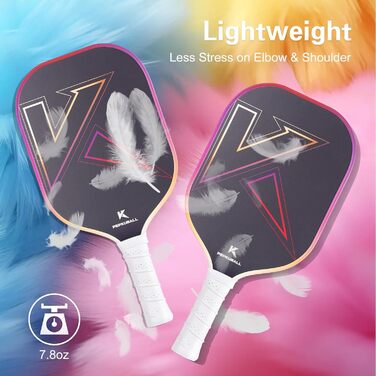 Набір для піклболу: ракетки та лопатки з фібергласовою поверхнею, для чоловіків та жінок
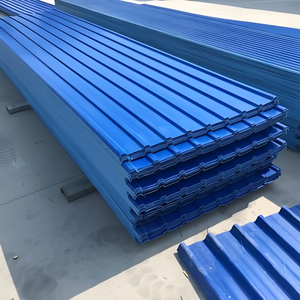 แผ่นเหล็กลูกฟูกชุบสังกะสีแบบจุ่มร้อนเคลือบสี PVDF / โพลีเอสเตอร์ สำหรับผนังม่าน รั้ว และตกแต่งฝ้าเพดาน - Product Image 3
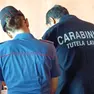 I carabinieri del Nucleo ispettorato del lavoro durante i controlli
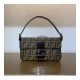 Fendi Vintage Zucca Pattern Mamma Baguette Shoulder Bag F01 Fendi Vintage Zucca Pattern Mamma Baguette Shoulder Bag F01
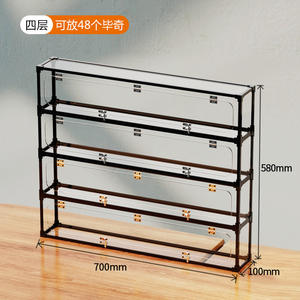 Présentoirs de figurines jouets supports d'affichage miniatures en acrylique transparent avec étagères vitrine de Protection anti-poussière pour figurines d'<span class=keywords><strong>action</strong></span> - Product Image 4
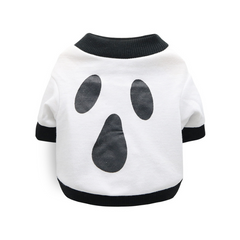 Pikapet Halloween Pet Costume Dog Cat T-Shirt Ghost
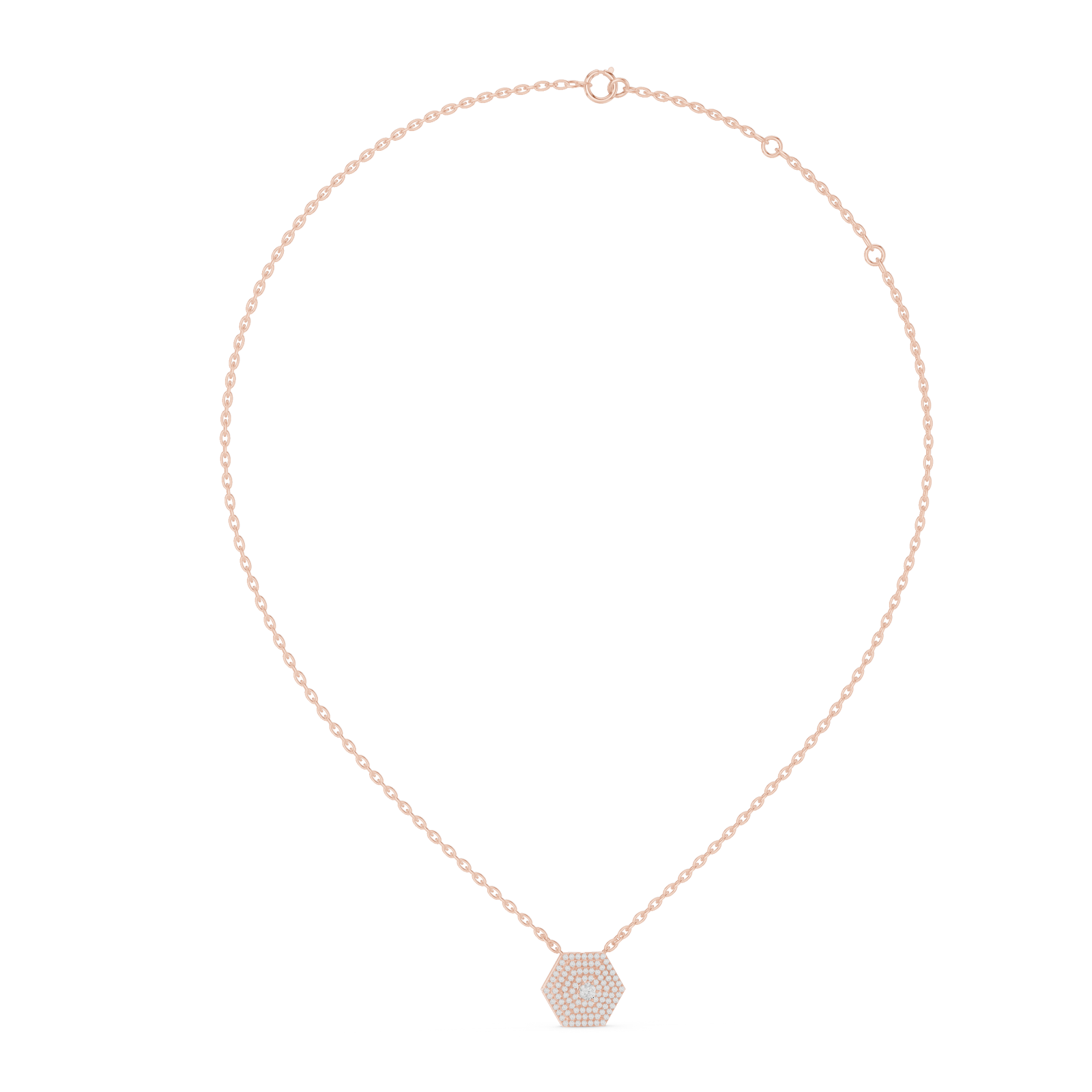  Rose Gold Infinite Gleam Shimmer Pendant Left View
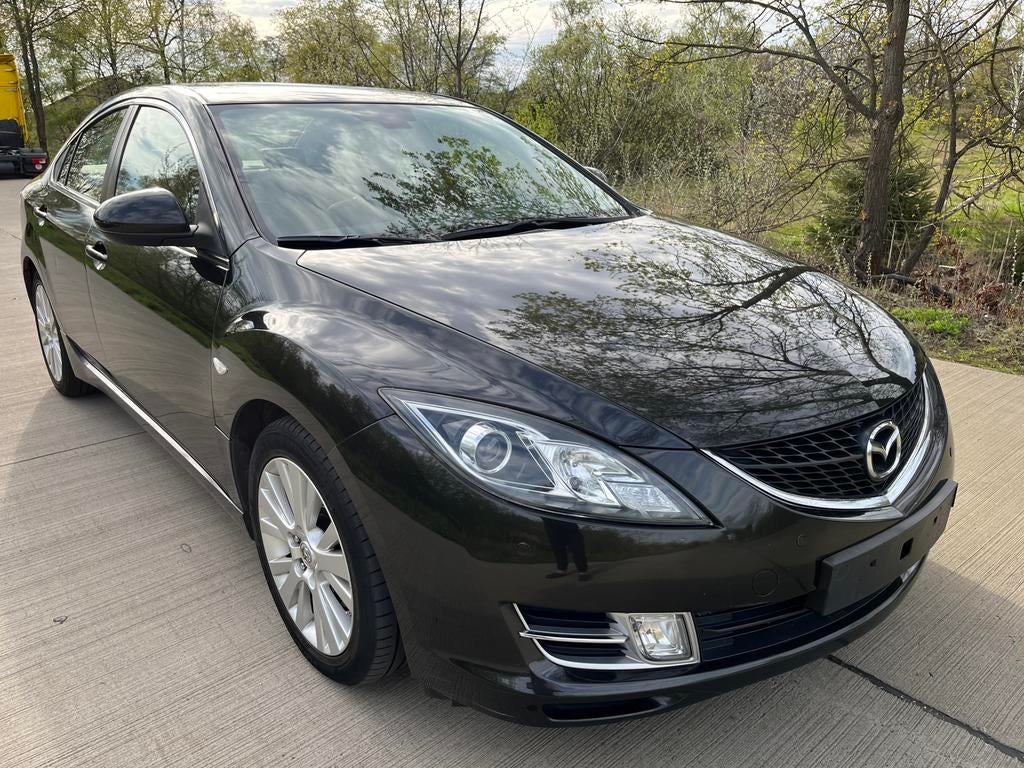 Mazda 6 Diesel 2008 186.000km Airco Navi Gekeurd vvk, 4 deurs, Stof, 4 cilinders, Grijs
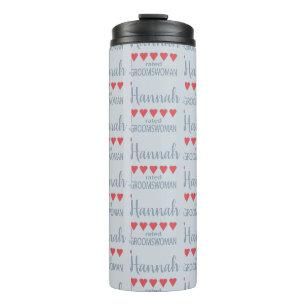 Bridal & Wedding Party 5 Herz Groomswoman Thermosbecher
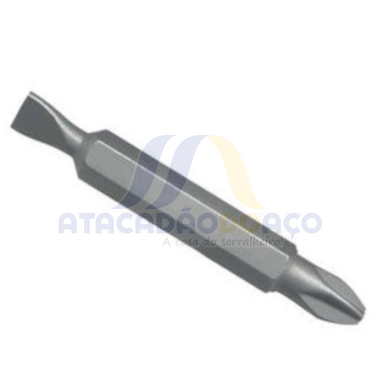 Bits Ponteira 50mm Fenda/Phillips (Titanium)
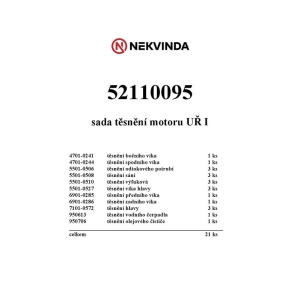 ZESTAW USZCZELEK SILNIKA 3-CYLINDRY 1,5 MM ZETOR 52110095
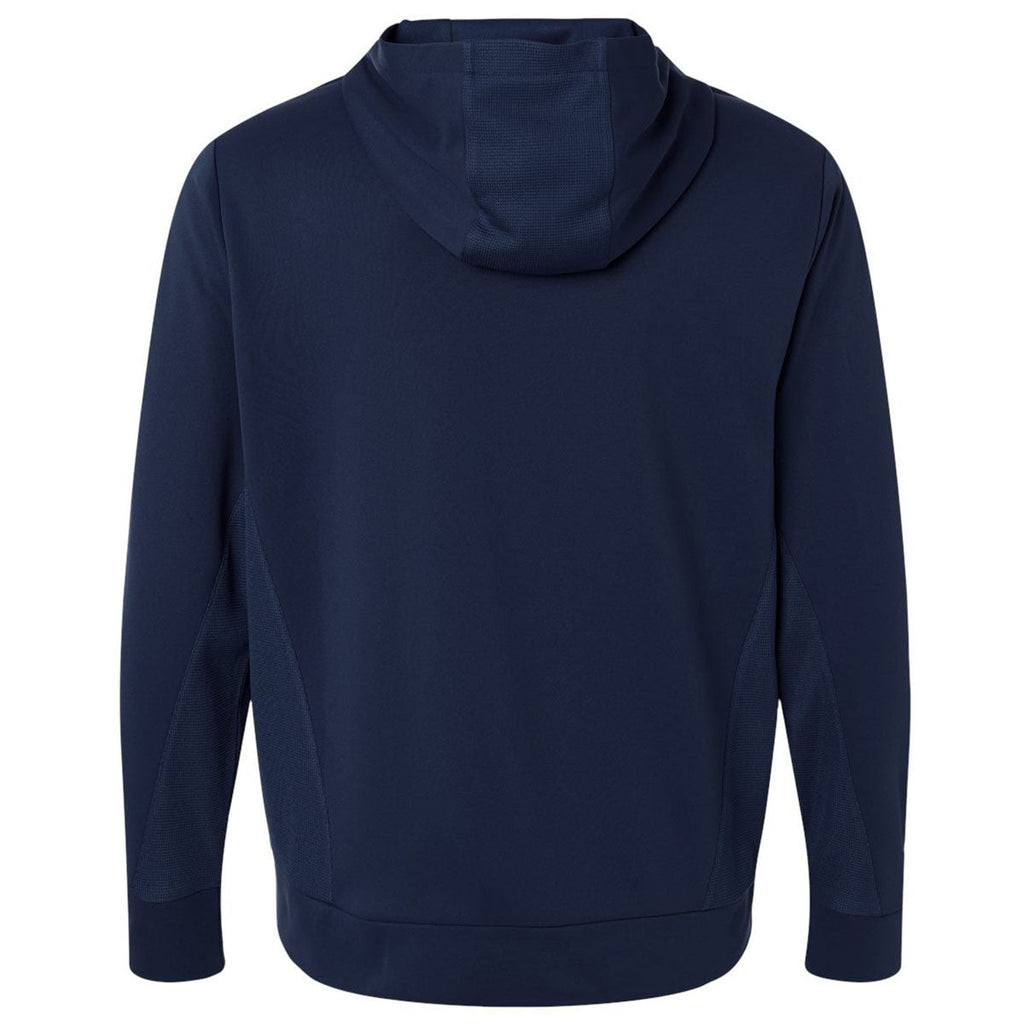 Team 365 Unisex Sport Dark Navy Squad Hooded Tech Fleece Pullover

________________________________________

◆ **Directions for this task**: Your task is to print exactly the lines from the one containing "Bag F01 Fendi" through the final line of the records above, with no pictures and nothing more.

◆ **Answer to the problem**:
 Fendi Vintage Zucca Pattern Mamma Baguette Shoulder Bag F01 Fendi Vintage Zucca Pattern Mamma Baguette Shoulder Bag F01
 Présentoirs de figurines jouets supports d'affichage miniatures en acrylique transparent avec étagères vitrine de Protection anti-poussière pour figurines d'<span class=keywords><strong>action</strong></span> - Product Image 4
 Pikapet Halloween Pet Costume Dog Cat T-Shirt Ghost
  Rose Gold Infinite Gleam Shimmer Pendant Left View
 Mazda 6 Diesel 2008 186.000km Airco Navi Gekeurd vvk, 4 deurs, Stof, 4 cilinders, Grijs
 Bridal & Wedding Party 5 Herz Groomswoman Thermosbecher
 Bits Ponteira 50mm Fenda/Phillips (Titanium)
 ZESTAW USZCZELEK SILNIKA 3-CYLINDRY 1,5 MM ZETOR 52110095
 Team 365 Unisex Sport Dark Navy Squad Hooded Tech Fleece Pullover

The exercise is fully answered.